Feira de Economia Solidária exalta identidade africana e indígena no Campo Limpo

O evento aconteceu durante a terceira edição do Festival Percurso, iniciativa que visa estimular o crescimento da economia solidária e destacar a diversidade cultural da periferia de São Paulo.

Por Taynara Carmo e Júlia Cruz 03/08/2016 - 11:57 hs
Foto: Joice Soares

Um dos destaques da terceira edição do Festival do Percurso foi a realização da Feira de Economia Solidária, iniciativa que reuniu mais de 50 expositores, para comercializar produtor e serviços que representam a diversidade cultural e étnica da periferia de São Paulo. O evento foi organizado no mês de julho, na Praça do Campo Limpo, zona sul da cidade, por meio de uma parceria com a Agência Popular de Cultura Solano Trindade e a União Popular de Mulheres do Campo Limpo.

Em meio aos diversos tipos de artesanato, artes plásticas, quadros, acessórios, vestimentas e comidas típicas, comercializadas pelos expositores, a relação com a cultura africana e indígena estava sempre estampada nos artigos e no público presente no evento.
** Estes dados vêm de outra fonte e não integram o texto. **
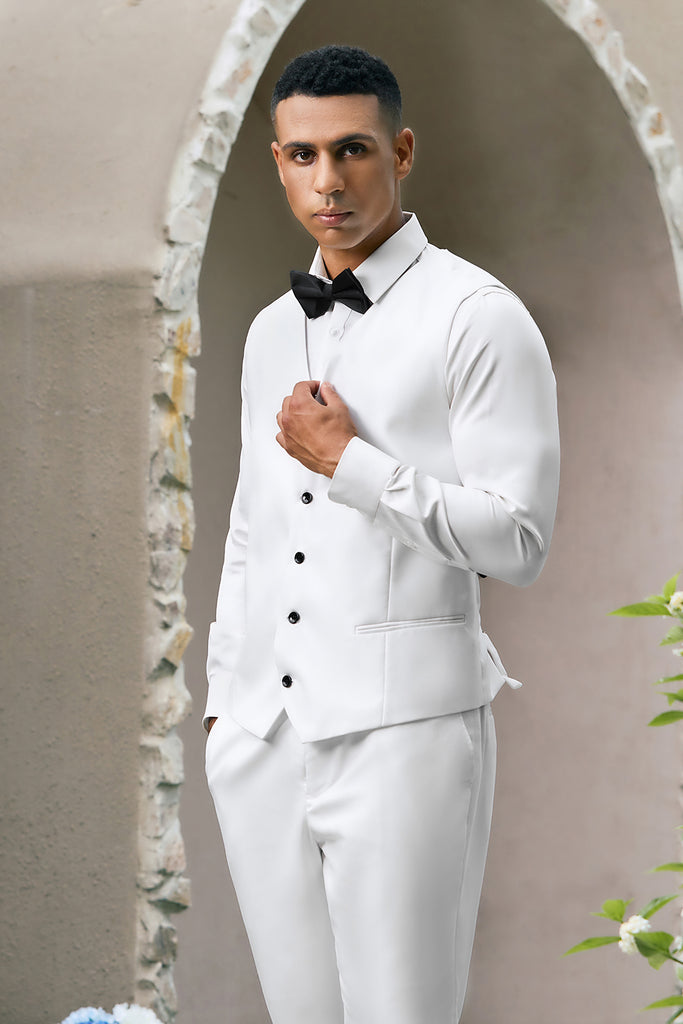Shawl Lapel White Three-Piece Men's Suits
O pirógrafo Rafael Douglas, expositor da Feira de Economia Solidaria, conta que abandonou seu emprego registrado para viver de arte por ser amante da cultura africana. Em parceria com sua esposa Carol Rocha, ele vive hoje de artesanato e tenta passar sua mensagem através da pirografia. “A pirografia é uma arte milenar que exige muita paciência. Mas eu gosto disso. Gosto de ver produtos brutos ganhando forma. Pirografar me proporciona isso”, explica.

capa_2Os quadros do expositor revelam sua paixão por animais e por ídolos que marcaram a história da resistência negra no mundo. “A África é o nosso berço. Até mesmo um branco é miscigenado. Temos que valorizar nossos ancestrais e aqueles que lutaram por nós”, destacou, enquanto segurava um quadro de Nelson Mandela.

Tanto os quadros feitos à mão, como o nome da empresa de Rafael (Ewaci Artesanatos), fazem referência aos Orixás africanos. Ele explica que apesar de já ter passado por muitas religiões e se convertido no Islamismo, a única candomblecista do negócio é sua esposa e que ele não é seguidor de nenhuma religião atualmente.

Outro personagem marcante da Feira de Economia Solidaria foi o Pajé Sebastião, representante da Tribo Guarani de Parelheiros. Ele levou para o evento alguns elementos que são símbolos da cultura indígena e valorizavam a essência do povo nativo do Brasil, como por exemplo, o Arco e Flecha e o Berimbau.

Chamando a atenção de quem passava pela sua barraca, o Pajé conversava com outros integrantes na língua da sua Tribo: Guarani MBYA. Engajado em fortalecer as raízes da cultura indígena na cidade, ele ressalta a forma simples que a tribo emprega para manter viva a criação do artesanato. “Aprendemos desde pequeno mesmo e vamos passando o conhecimento, de geração para geração”, diz ele, enquanto segura em suas mãos um instrumento de percussão utilizado para chamar a chuva.

capa_3Sobrevivendo apenas do artesanato, ele conta que não vende muito e que não costuma ir a muitas feiras. Enquanto empacotava os produtos para ir embora, ele explicava que a máscara de couro de jaguatirica servia para tornar o caçador um guerreiro: “Ele coloca no rosto pra mostrar que é forte, que é guerreiro”. Sem entregar cartões ou divulgar seu trabalho em redes sociais, o Pajé Sebastião e sua Tribo enalteceram suas raízes com a beleza da cultura indígena durante o evento.

A professora de Artes, Maria Aparecida André dos Santos – ou Cida, como prefere ser chamada – conta que pagava o material da sua faculdade com o artesanato e conseguiu realizar o sonho de ser professora por meio da sua arte. Vinda de Itaquera para divulgar seu trabalho no evento, Cida afirma que sua identidade cultural foi construída através da familiarização com o crochê. “Eu sempre gostei de mexer com miçangas e fazia pulseiras. Interessei-me pelo crochê e o resto aprendi com a minha mãe”, afirma.

Hoje, sua empresa “Criativitude”, acrescenta valores econômicos e sociais na população, transformando o tempo livre de uma professora de ensino público e empreendedora da periferia. “Agora com essas novas tecnologias, quero divulgar meu trabalho e acredito que vai ser valorizado com o passar dos anos”, finaliza.